# I WANT SWIVEL SEATS!



## 1lowcalais_old (Jul 29, 2003)

WHERE CAN I FIND SWIVEL SEATS OR BRACKETS? PM ME OR EMAIL ME AT [email protected]


----------



## Joost.... (Jul 15, 2002)

http://www.pape-ent.com/seats is a start, if they dont have what you want, try looking for those bucket seats they have in boats or yachts


----------



## 1980seville (Apr 23, 2002)

Go to your local auto wrecker and track down a nice mid 80's "raper"/ conversion van, easily found by looking for such things as tear drop shaped windows, or perhaps a mural featuring swords and girls with big hair. They usually have captains chairs in the back that swivel and lock in place, would be a good start.


----------



## 1lowcalais_old (Jul 29, 2003)

thanx main but wut about a old monte?


----------



## /\Chris/\ (Jul 23, 2003)

Come older Luxery gm cars had them I tihnk as an option id check on ebay but who knows. 
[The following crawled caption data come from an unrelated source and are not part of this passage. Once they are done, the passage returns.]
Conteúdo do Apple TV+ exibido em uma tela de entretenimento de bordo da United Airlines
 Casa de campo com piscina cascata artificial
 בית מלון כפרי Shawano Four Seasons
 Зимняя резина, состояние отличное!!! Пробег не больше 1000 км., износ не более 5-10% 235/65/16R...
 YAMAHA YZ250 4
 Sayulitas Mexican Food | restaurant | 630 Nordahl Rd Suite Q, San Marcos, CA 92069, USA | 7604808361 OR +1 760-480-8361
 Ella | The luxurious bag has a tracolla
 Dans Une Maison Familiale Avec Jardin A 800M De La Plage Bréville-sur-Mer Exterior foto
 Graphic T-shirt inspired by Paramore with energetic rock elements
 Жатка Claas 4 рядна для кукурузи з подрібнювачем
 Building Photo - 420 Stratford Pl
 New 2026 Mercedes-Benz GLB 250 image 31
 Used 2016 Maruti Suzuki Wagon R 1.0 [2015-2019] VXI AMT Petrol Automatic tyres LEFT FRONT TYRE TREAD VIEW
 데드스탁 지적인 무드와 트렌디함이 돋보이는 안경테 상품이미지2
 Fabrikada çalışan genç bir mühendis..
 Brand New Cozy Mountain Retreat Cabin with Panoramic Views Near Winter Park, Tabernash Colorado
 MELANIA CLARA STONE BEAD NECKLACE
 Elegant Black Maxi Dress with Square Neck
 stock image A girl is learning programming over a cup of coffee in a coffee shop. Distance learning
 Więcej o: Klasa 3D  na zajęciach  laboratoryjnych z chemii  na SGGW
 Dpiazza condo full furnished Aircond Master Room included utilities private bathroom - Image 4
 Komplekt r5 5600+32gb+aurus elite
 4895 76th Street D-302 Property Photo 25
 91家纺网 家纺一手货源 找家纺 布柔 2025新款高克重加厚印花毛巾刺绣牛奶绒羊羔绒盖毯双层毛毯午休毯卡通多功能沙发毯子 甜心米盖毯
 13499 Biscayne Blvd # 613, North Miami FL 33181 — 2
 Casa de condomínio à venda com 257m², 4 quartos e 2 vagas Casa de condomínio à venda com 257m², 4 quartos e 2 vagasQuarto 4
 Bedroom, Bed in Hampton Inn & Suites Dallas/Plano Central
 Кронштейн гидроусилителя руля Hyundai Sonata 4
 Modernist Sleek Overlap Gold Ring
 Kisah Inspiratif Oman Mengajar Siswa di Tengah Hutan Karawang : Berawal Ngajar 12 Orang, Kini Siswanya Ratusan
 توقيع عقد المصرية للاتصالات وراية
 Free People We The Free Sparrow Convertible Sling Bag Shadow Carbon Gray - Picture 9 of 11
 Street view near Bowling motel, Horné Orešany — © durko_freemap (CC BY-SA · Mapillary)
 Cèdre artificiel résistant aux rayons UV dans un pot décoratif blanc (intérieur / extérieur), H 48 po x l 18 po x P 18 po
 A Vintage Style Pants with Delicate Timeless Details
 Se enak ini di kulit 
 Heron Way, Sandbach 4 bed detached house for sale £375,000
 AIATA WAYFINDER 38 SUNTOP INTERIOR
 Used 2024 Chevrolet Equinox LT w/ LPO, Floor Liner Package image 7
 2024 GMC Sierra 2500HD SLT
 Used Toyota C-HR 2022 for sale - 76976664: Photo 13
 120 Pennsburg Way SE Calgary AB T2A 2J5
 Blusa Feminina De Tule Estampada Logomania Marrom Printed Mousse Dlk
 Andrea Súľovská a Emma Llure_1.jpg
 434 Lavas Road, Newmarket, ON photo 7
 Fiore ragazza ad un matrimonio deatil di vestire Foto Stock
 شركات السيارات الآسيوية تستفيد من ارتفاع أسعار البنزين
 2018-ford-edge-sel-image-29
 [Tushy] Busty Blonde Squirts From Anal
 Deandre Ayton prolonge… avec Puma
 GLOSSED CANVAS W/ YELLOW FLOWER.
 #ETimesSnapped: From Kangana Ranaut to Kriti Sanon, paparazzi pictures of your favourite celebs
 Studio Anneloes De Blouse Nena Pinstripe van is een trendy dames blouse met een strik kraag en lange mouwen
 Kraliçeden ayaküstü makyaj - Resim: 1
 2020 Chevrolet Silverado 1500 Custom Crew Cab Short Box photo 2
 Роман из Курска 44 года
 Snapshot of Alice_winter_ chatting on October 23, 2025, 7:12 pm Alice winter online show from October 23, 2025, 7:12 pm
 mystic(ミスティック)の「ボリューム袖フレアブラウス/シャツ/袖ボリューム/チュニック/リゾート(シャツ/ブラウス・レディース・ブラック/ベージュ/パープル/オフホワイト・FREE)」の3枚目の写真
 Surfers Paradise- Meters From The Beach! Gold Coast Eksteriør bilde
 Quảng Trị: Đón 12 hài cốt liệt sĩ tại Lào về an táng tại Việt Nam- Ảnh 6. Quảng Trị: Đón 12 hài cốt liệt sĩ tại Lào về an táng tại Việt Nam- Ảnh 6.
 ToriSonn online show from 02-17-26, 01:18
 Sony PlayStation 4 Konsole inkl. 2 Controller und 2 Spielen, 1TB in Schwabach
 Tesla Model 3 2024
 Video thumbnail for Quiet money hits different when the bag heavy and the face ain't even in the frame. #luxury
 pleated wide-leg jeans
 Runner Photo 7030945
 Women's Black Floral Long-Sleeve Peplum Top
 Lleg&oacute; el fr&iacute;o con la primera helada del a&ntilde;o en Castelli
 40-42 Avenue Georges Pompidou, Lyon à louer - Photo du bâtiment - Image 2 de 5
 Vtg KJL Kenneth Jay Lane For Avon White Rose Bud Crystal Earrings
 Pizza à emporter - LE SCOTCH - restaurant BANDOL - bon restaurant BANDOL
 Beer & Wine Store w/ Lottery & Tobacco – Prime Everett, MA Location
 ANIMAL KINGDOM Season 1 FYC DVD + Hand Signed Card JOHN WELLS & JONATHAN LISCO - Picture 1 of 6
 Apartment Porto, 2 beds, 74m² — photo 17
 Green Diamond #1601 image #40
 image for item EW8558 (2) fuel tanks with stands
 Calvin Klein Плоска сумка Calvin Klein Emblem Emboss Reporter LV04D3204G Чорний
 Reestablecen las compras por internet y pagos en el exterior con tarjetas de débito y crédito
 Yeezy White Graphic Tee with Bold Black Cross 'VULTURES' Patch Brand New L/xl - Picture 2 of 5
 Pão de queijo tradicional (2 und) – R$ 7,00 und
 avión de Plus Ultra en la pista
Last edited by /\Chris/\ at Sep 16 2003, 03:50 PM


----------



## Joost.... (Jul 15, 2002)

mid 70s monte carlos had a swivel seat option. Be careful with captain chairs, because the parts that makes them swivel is most of the times a rod about a feet high, wouldnt work in a car


----------



## 77monte4pumps (Sep 21, 2002)

> _Originally posted by Joost...._@Sep 16 2003, 04:21 PM
> *mid 70s monte carlos had a swivel seat option. Be careful with captain chairs, because the parts that makes them swivel is most of the times a rod about a feet high, wouldnt work in a car*


 73-77 monte carlos... and im not sure but maybe elcaminos too...


----------